Thomas-Cook-Geschäftsführer Peter Fankhauser sprach von einem «zutiefst traurigen Tag» für sein Unternehmen. Er selbst und der gesamte Verwaltungsrat würden bedauern, «dass wir nicht erfolgreich waren». Nach dem Insolvenzantrag müssen nicht nur alle Flüge des Unternehmens am Boden bleiben, sondern auch alle Filialen geschlossen werden. Weltweit hat Thomas Cook 22'000 Angestellte, 9'000 davon sind in Grossbritannien tätig.
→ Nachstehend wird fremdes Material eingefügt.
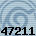 47211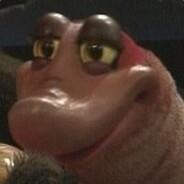 Piertje de Worm's Stream profile image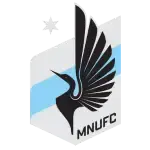Minnesota United FC Logo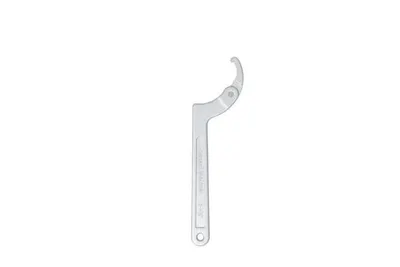 Immagine prodotto di KS TOOLS 517.1304 Chiave a gancio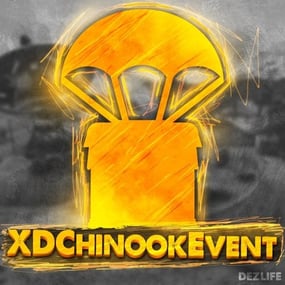 More information about "XDChinookEvent"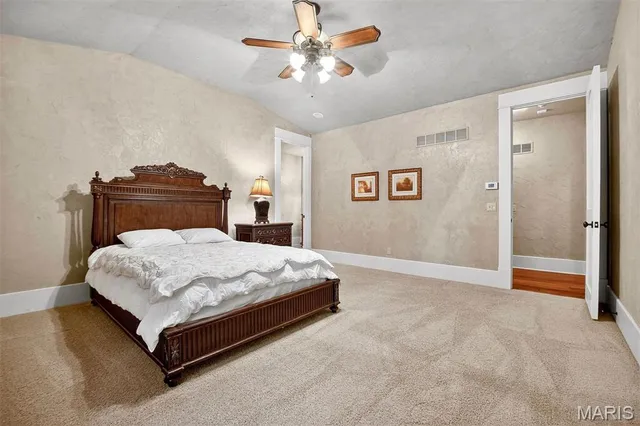 $4,185,000 | 1042 Wings Road, St. Albans, MO 63073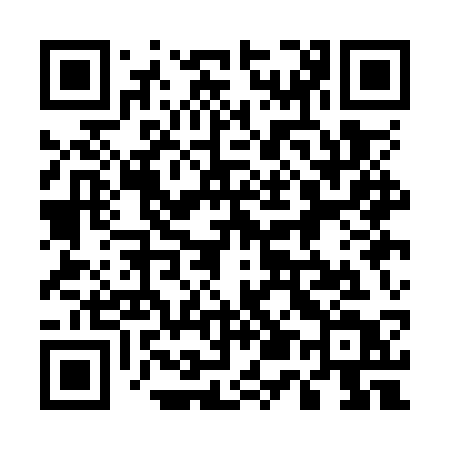 QR code for 551OST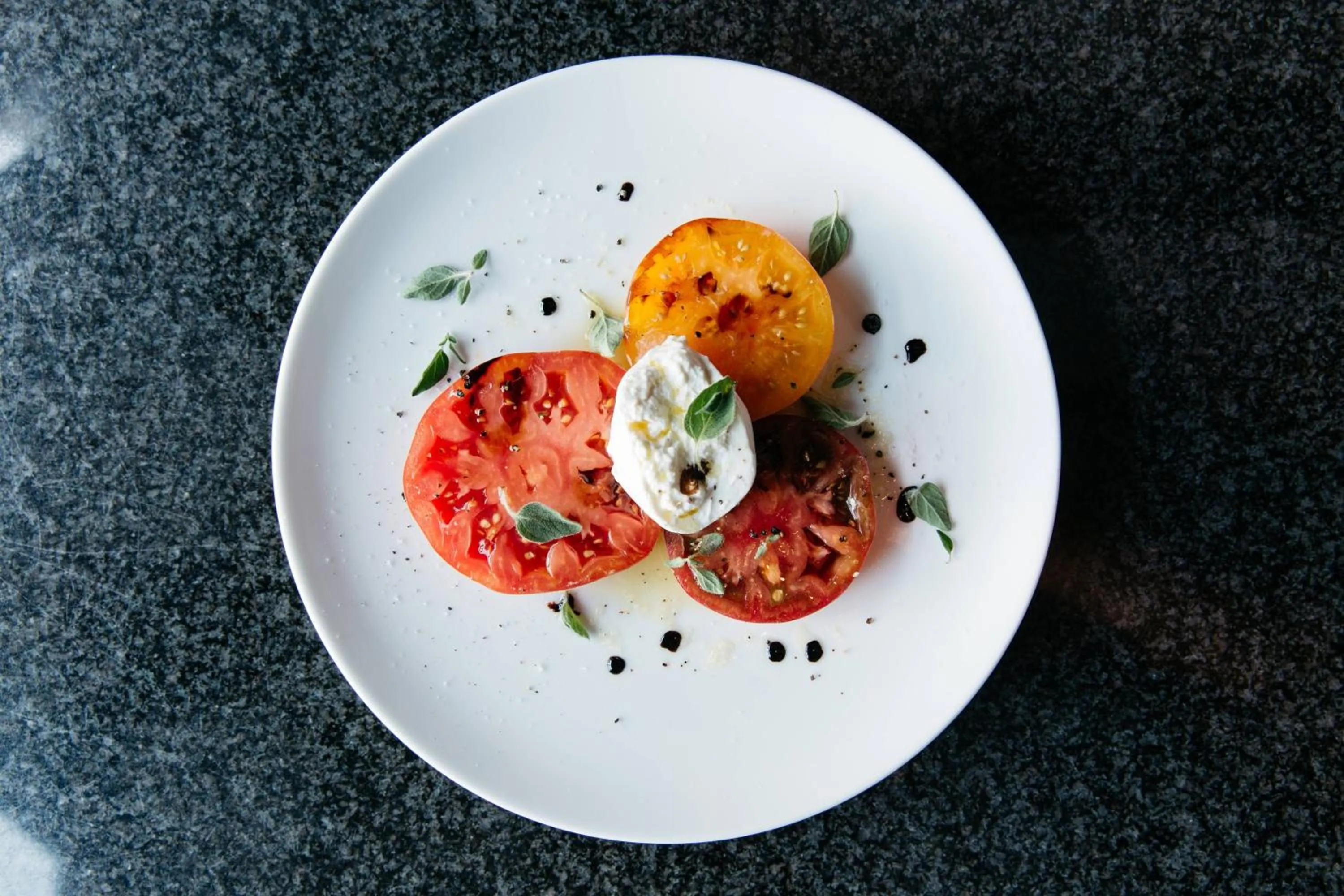 Lounge or bar in Grand Bohemian Orlando, Autograph Collection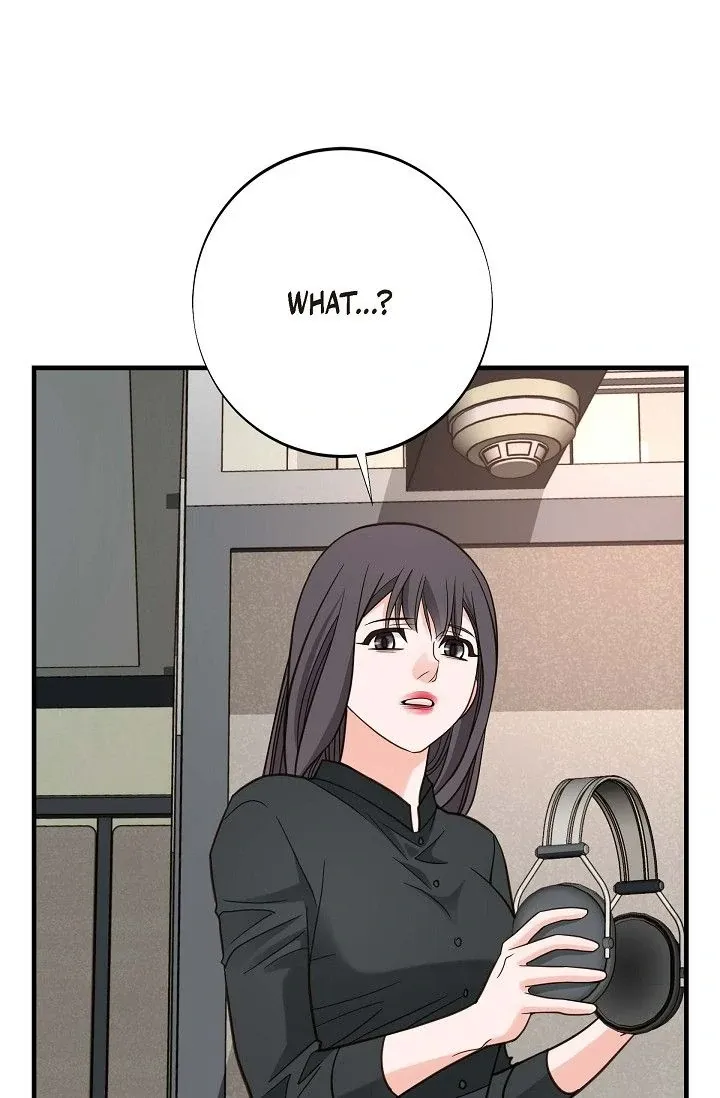 Read No Exit chapter 46 image 111 on Lezhin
Der Flugbetrieb in Grossbritannien wurde nach Angaben der britischen Luftfahrtbehörde CAA mit sofortiger Wirkung eingestellt. London startet derweil eine beispiellose Rückholaktion für 150'000 Touristen. «Wir werden jeden nach Hause bringen», kündigte Verkehrsminister Grant Shapps auf Twitter an.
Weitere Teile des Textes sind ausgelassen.